Your instructions »
Return exactly the span of lines that opens with the line containing "The luxurious bathroom" and closes with the last line of the data, inclusive.

Short web captions »
╭──
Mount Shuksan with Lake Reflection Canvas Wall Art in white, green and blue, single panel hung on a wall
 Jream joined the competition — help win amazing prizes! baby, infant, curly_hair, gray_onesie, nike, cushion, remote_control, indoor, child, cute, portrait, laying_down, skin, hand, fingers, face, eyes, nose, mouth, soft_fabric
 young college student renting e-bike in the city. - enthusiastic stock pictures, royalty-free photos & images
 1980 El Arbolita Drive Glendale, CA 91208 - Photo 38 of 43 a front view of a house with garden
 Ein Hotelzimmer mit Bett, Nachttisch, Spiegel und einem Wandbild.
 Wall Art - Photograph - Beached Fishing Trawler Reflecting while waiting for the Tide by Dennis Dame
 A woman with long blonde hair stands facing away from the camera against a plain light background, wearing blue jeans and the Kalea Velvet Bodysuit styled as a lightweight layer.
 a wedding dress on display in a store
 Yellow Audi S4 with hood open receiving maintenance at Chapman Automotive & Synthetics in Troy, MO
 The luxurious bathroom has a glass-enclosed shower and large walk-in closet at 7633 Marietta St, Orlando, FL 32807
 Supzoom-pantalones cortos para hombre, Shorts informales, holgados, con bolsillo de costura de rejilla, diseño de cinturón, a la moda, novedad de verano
╰──
The completed task »
 The luxurious bathroom has a glass-enclosed shower and large walk-in closet at 7633 Marietta St, Orlando, FL 32807
 Supzoom-pantalones cortos para hombre, Shorts informales, holgados, con bolsillo de costura de rejilla, diseño de cinturón, a la moda, novedad de verano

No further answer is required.